*What to do*. Please return each of the entries exactly, minus their pictures.

[Stored dataset items]

=== Begin Enclosure ===

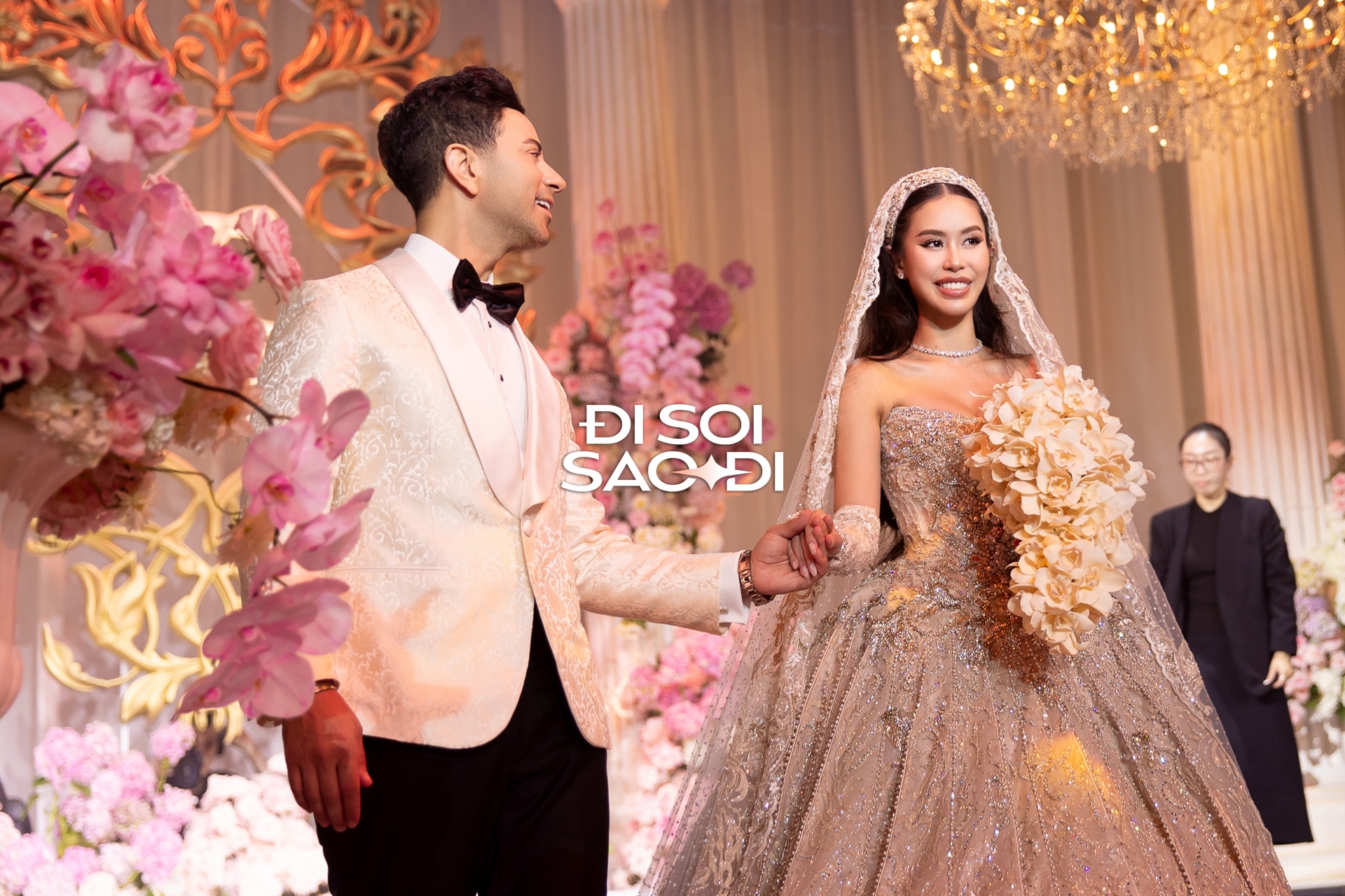 Trọn vẹn siêu lễ cưới của Tiên Nguyễn và chồng gốc Dubai: Dâu rể gấp đôi visual, gia đình tỷ phú đến dàn khách mời "quá vuýp"!- Ảnh 26. Trọn vẹn siêu lễ cưới của Tiên Nguyễn và chồng gốc Dubai: Dâu rể gấp đôi visual, gia đình tỷ phú đến dàn khách mời "quá vuýp"!- Ảnh 26.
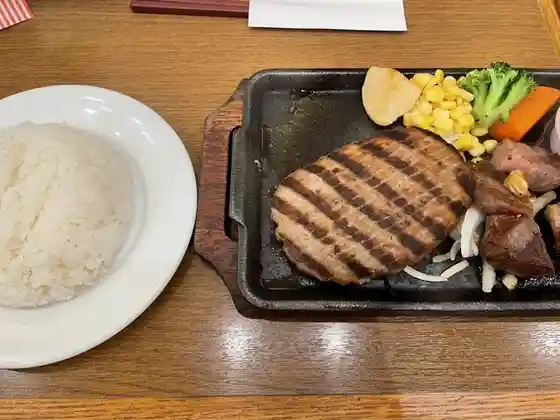 炭焼ステーキ くに 名取店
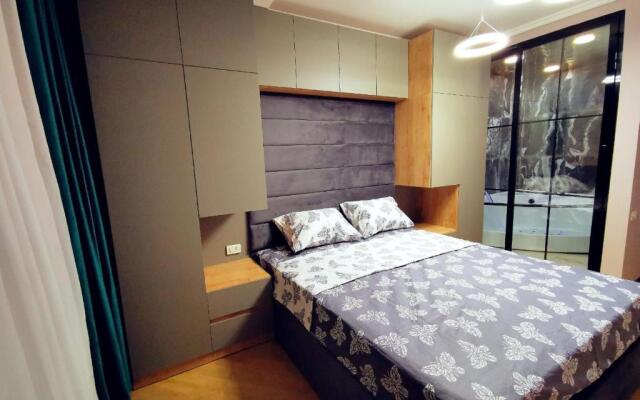 Middle of Center with Jacuzzi + 2 Bathroom + 3bedroom by Republic square on Amiryan Street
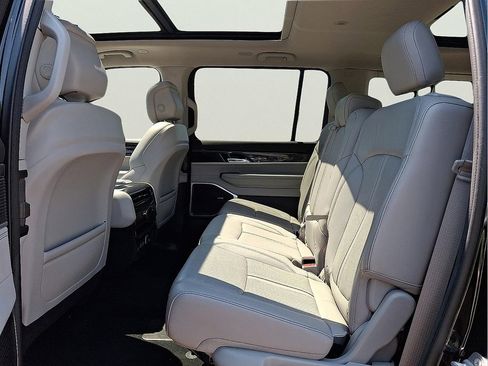 Used 2022 Jeep Wagoneer Series I w/ Premium Group I AWD/4WD image 8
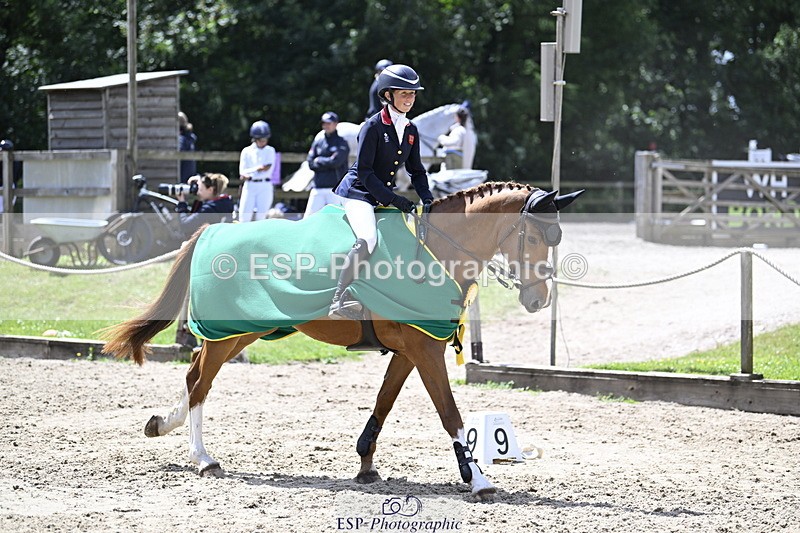 250525A-132033-17675 - Presentations Section B CCI 3 Star Long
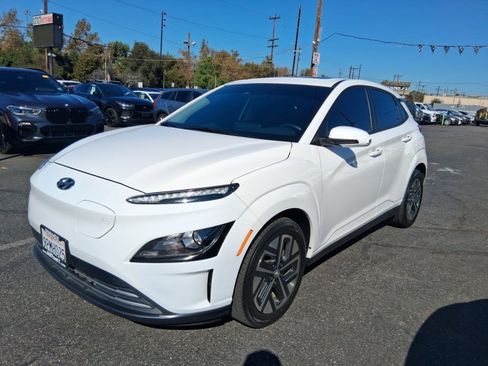 Used 2022 Hyundai Kona SEL w/ Convenience Package FWD image 3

=== End Enclosure ===

*Result*.
 Trọn vẹn siêu lễ cưới của Tiên Nguyễn và chồng gốc Dubai: Dâu rể gấp đôi visual, gia đình tỷ phú đến dàn khách mời "quá vuýp"!- Ảnh 26. Trọn vẹn siêu lễ cưới của Tiên Nguyễn và chồng gốc Dubai: Dâu rể gấp đôi visual, gia đình tỷ phú đến dàn khách mời "quá vuýp"!- Ảnh 26.
 炭焼ステーキ くに 名取店
 Middle of Center with Jacuzzi + 2 Bathroom + 3bedroom by Republic square on Amiryan Street
 Used 2022 Jeep Wagoneer Series I w/ Premium Group I AWD/4WD image 8
 250525A-132033-17675 - Presentations Section B CCI 3 Star Long
 Used 2022 Hyundai Kona SEL w/ Convenience Package FWD image 3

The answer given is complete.